By Sandra on jeudi 19 novembre 2020
Category: TRAVAIL PARLEMENTAIRE

Projet de loi de finances pour 2021 - article 31

M. le président. La parole est à M. Henri Cabanel.

M. Henri Cabanel. Monsieur le président, monsieur le secrétaire d'État, chers collègues, crise sanitaire, Brexit, nouveau cadre financier pluriannuel : l'Union européenne est à la croisée des chemins, et dans des conditions difficiles. Reconnaissons qu'elle a choisi le cap de la solidarité.

L'accord politique du mois de juillet dernier sur l'instrument de relance adossé au CFP est une étape majeure de l'intégration européenne, tout comme celle de l'amorce, la semaine dernière, d'une entente sur de nouvelles ressources propres. Le RDSE approuve pleinement cette évolution.

Pour la France, avec un prélèvement européen en hausse de 25 % par rapport à 2020, l'article 31 traduit l'Europe que nous pouvons. En effet, l'effort financier de 26,9 milliards d'euros fait de la France l'un des premiers contributeurs nets. Compte tenu de ce niveau d'engagement, celui-ci doit aussi se traduire par l'Europe que nous voulons.

Quelles doivent être nos priorités aujourd'hui ?

Vous ne serez pas étonnés que notre groupe soit favorable à la recherche d'un équilibre entre politiques dites « traditionnelles » et nouvelles priorités. Nous nous réjouissons que la copie de 2018 de la Commission sur le budget de la PAC ait été revue à la hausse sur proposition du Conseil, avec 19,6 milliards d'euros supplémentaires. À l'époque, la diminution des moyens consacrés à l'agriculture était un sujet d'inquiétude majeure.

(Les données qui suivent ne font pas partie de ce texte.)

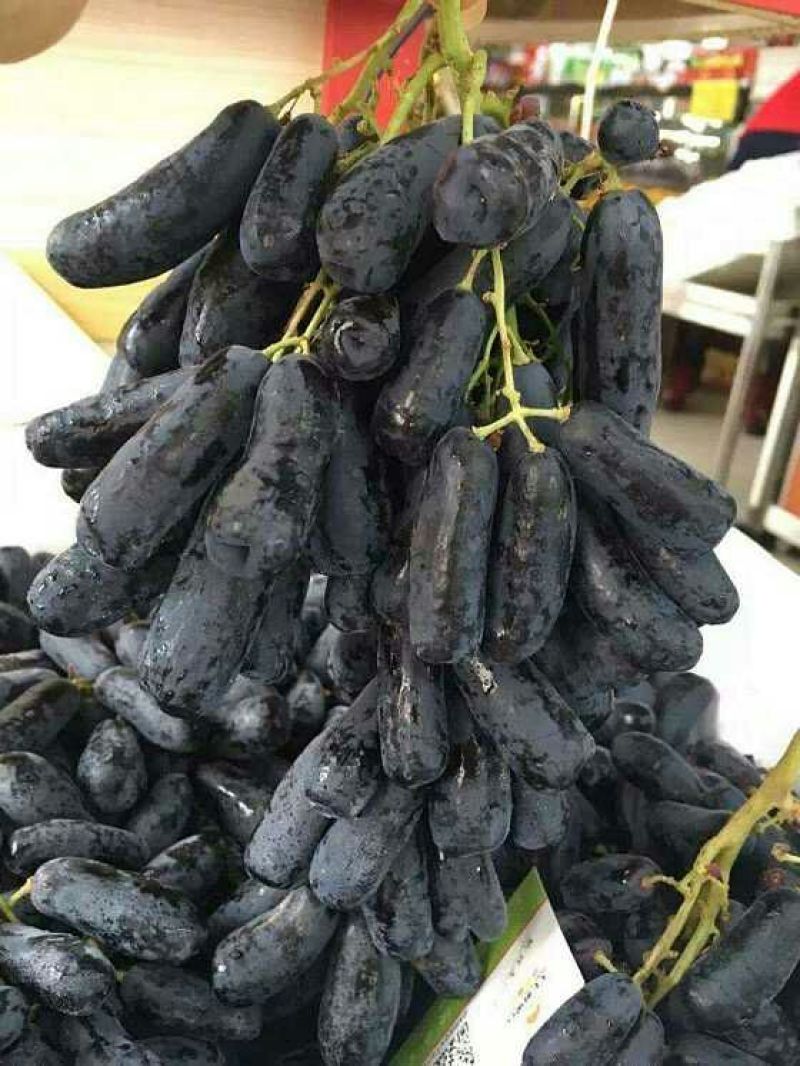 甜蜜蓝宝石葡萄苗1年苗两年苗保证正品可签合同保湿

L'Union européenne et, au sein de celle-ci, la France portent des ambitions pour notre agriculture qu'il faut concrétiser rapidement. Il ne s'agit pas seulement de protéger nos agriculteurs, soumis à une concurrence économique croissante. Il faut aussi s'atteler encore davantage à l'urgence climatique ; les exploitants y sont partie prenante. Comme j'ai eu l'occasion de le rappeler ici, lors du débat à la suite du dernier Conseil européen, la proposition d'éco-régime va dans le bon sens. Ce dispositif fait écho au Pacte vert pour l'Europe. Les agriculteurs qui s'engagent dans la transition écologique doivent être soutenus en priorité.

Le volet environnemental ne doit pas occulter toutes les autres problématiques. Et elles sont nombreuses : revenus, compétitivité, filières, transmission… Monsieur le secrétaire d'État, chaque État doit remettre un plan national stratégique de la PAC en début d'année prochaine. Où en sommes-nous ?

Concernant les nouvelles priorités, je saluerai en particulier l'ébauche d'une Europe de la santé, bien que la dotation de 3,4 milliards d'euros du CFP soit en retrait par rapport à 2018, y compris en tenant compte de la rallonge obtenue le 10 novembre dernier grâce à l'initiative du Parlement européen.

Par ailleurs, les échéances me paraissent bien lointaines. La Commission veut muscler la gestion des crises sanitaires – mais seulement en 2023… –, avec la création de l'Autorité pour la réaction aux urgences sanitaires.

Au regard de ce que nous venons de vivre avec la covid, l'urgence serait de ne pas trop tarder, en particulier sur la mise en œuvre d'une stratégie de souveraineté médicale. L'Europe ne produit plus de paracétamol. Est-ce bien raisonnable ?

Enfin, les attentes sont nombreuses à l'égard de l'instrument de relance de 750 milliards d'euros. Je ne reviendrai pas sur le fond, si ce n'est pour regretter le rétrécissement de la part de subventions au profit des prêts. Certes, c'est le fruit d'un compromis avec les pays dits « frugaux ». Mais, pour la suite, gardons le cap de la solidarité, qui donne à l'Union européenne tout son sens.

Le sens de l'Europe, c'est aussi le respect des valeurs démocratiques en son sein. À cet égard, quelle serait la réponse à l'attitude de blocage, pour ne pas dire de chantage, de la Pologne, de la Hongrie et, désormais, de la Slovénie si celle-ci devait persister ? Espérons que ces trois pays reviennent à la raison et qu'un voile ne soit pas jeté sur le respect de l'État de droit, condition forte à l'adhésion communautaire.

En attendant, le RDSE, fidèle à son engagement européen, approuvera l'article 31 du projet de loi de finances. (Applaudissements sur les travées du groupe RDSE.)